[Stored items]
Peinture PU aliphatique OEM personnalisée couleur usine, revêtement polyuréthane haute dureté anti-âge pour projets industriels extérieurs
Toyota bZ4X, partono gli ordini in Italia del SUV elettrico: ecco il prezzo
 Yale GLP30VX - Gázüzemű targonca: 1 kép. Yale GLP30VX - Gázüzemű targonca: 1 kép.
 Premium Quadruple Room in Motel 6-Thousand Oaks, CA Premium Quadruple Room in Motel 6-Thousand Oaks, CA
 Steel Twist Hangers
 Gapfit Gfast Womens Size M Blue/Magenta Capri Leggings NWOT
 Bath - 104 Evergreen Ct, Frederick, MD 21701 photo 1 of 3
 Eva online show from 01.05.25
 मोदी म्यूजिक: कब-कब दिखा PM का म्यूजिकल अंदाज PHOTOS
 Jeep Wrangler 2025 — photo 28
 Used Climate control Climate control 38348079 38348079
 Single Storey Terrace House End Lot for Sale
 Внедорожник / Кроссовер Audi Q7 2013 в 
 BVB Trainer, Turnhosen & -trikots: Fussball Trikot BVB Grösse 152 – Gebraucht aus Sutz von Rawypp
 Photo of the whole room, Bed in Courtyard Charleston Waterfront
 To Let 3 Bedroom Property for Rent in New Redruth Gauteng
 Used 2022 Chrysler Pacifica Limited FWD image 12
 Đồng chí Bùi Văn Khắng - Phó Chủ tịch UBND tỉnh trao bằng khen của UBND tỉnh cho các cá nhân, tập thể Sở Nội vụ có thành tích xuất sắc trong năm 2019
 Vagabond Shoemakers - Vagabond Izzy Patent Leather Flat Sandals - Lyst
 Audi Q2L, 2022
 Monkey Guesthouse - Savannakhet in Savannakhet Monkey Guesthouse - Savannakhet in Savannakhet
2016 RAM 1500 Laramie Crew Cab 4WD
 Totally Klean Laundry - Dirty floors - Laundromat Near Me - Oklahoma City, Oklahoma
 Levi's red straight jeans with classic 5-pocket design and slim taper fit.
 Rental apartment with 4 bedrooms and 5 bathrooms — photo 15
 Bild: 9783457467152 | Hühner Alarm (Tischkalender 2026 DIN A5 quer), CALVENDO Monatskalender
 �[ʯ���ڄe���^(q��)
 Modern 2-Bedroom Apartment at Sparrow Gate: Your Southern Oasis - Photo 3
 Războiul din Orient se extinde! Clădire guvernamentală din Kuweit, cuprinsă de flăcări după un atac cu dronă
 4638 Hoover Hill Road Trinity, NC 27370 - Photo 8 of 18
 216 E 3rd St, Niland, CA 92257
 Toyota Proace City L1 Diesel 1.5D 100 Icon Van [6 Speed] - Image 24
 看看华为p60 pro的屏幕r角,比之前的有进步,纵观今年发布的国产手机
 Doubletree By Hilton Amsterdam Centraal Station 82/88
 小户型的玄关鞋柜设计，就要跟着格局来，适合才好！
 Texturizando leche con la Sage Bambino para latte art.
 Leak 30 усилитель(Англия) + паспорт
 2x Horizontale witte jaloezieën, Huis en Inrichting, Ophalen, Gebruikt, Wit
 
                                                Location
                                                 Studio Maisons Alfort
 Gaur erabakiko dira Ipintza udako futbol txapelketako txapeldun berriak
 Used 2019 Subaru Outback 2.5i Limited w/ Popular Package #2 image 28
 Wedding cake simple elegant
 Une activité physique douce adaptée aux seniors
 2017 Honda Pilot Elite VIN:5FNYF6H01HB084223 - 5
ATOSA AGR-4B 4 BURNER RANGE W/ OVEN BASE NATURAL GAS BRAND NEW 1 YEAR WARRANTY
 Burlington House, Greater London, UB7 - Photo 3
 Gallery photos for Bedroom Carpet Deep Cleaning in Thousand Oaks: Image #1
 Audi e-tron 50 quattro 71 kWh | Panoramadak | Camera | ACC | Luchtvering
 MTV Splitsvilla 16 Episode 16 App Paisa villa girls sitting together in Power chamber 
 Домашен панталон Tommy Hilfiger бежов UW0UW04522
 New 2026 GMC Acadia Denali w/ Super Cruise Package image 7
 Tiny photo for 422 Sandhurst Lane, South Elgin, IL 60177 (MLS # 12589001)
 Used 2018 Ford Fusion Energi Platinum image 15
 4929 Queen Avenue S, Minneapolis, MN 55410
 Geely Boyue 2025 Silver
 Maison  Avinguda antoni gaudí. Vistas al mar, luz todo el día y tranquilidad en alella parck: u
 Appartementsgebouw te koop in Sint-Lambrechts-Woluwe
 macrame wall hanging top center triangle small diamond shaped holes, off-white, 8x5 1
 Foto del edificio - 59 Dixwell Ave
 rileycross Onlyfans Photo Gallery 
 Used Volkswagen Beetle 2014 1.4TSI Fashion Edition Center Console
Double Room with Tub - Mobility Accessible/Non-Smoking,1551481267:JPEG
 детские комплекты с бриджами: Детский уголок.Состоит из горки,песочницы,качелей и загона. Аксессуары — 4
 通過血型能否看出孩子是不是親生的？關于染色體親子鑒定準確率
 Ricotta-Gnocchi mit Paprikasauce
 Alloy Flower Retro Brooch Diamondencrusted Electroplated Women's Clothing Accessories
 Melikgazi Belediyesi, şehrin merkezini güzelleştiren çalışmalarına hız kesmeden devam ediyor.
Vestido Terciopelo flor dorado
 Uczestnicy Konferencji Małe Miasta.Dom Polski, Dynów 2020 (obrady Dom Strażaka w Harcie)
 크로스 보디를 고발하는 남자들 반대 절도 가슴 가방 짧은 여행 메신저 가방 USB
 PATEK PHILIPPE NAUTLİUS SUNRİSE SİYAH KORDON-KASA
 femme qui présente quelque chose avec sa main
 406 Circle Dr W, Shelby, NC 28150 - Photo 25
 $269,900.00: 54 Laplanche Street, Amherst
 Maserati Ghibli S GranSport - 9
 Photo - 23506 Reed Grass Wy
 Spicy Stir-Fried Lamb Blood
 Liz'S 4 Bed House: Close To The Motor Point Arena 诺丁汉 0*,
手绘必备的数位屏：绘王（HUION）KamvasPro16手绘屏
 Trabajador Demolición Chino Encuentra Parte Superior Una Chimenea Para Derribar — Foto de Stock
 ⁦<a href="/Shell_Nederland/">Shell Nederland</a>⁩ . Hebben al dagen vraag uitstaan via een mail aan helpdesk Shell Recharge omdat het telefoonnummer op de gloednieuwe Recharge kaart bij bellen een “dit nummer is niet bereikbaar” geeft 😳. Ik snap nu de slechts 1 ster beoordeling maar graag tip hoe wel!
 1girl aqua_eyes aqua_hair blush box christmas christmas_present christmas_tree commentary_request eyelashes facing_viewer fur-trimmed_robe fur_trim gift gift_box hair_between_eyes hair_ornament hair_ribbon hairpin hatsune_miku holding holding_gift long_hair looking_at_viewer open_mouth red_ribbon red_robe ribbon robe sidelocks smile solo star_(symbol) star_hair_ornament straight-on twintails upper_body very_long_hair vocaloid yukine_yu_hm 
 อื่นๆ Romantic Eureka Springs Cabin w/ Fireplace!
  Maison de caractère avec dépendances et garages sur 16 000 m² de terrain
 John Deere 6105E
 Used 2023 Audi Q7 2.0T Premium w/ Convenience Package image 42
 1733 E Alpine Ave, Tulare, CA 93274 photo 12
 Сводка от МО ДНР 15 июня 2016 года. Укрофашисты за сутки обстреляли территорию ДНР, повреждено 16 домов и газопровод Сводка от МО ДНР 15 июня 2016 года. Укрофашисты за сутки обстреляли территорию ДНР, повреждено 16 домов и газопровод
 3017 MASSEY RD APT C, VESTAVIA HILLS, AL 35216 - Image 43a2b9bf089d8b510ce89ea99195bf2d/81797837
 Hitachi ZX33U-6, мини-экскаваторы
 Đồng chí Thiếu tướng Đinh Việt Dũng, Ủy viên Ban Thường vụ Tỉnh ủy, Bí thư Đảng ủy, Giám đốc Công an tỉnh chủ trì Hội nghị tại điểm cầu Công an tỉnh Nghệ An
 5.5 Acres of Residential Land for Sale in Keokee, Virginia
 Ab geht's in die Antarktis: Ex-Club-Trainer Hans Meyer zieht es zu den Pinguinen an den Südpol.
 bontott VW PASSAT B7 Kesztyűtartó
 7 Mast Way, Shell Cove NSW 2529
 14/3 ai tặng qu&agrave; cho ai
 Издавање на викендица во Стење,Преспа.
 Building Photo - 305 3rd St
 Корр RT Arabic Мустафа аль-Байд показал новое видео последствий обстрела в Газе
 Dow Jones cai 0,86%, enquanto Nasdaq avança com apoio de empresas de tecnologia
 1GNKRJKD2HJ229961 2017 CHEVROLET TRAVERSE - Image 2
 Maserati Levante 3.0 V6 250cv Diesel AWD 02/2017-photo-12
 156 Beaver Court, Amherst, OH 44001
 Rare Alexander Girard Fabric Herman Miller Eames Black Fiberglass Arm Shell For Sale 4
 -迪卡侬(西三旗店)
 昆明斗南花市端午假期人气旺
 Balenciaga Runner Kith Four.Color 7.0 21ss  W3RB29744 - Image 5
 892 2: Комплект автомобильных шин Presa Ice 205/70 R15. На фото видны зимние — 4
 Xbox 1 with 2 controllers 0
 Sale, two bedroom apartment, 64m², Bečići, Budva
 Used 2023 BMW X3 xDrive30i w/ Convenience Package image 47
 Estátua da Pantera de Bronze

Exercise brief: Your task is to quote the lines above, beginning with the first and ending with the one that holds "Totally Klean Laundry".

Response to the task:
Peinture PU aliphatique OEM personnalisée couleur usine, revêtement polyuréthane haute dureté anti-âge pour projets industriels extérieurs
Toyota bZ4X, partono gli ordini in Italia del SUV elettrico: ecco il prezzo
 Yale GLP30VX - Gázüzemű targonca: 1 kép. Yale GLP30VX - Gázüzemű targonca: 1 kép.
 Premium Quadruple Room in Motel 6-Thousand Oaks, CA Premium Quadruple Room in Motel 6-Thousand Oaks, CA
 Steel Twist Hangers
 Gapfit Gfast Womens Size M Blue/Magenta Capri Leggings NWOT
 Bath - 104 Evergreen Ct, Frederick, MD 21701 photo 1 of 3
 Eva online show from 01.05.25
 मोदी म्यूजिक: कब-कब दिखा PM का म्यूजिकल अंदाज PHOTOS
 Jeep Wrangler 2025 — photo 28
 Used Climate control Climate control 38348079 38348079
 Single Storey Terrace House End Lot for Sale
 Внедорожник / Кроссовер Audi Q7 2013 в 
 BVB Trainer, Turnhosen & -trikots: Fussball Trikot BVB Grösse 152 – Gebraucht aus Sutz von Rawypp
 Photo of the whole room, Bed in Courtyard Charleston Waterfront
 To Let 3 Bedroom Property for Rent in New Redruth Gauteng
 Used 2022 Chrysler Pacifica Limited FWD image 12
 Đồng chí Bùi Văn Khắng - Phó Chủ tịch UBND tỉnh trao bằng khen của UBND tỉnh cho các cá nhân, tập thể Sở Nội vụ có thành tích xuất sắc trong năm 2019
 Vagabond Shoemakers - Vagabond Izzy Patent Leather Flat Sandals - Lyst
 Audi Q2L, 2022
 Monkey Guesthouse - Savannakhet in Savannakhet Monkey Guesthouse - Savannakhet in Savannakhet
2016 RAM 1500 Laramie Crew Cab 4WD
 Totally Klean Laundry - Dirty floors - Laundromat Near Me - Oklahoma City, Oklahoma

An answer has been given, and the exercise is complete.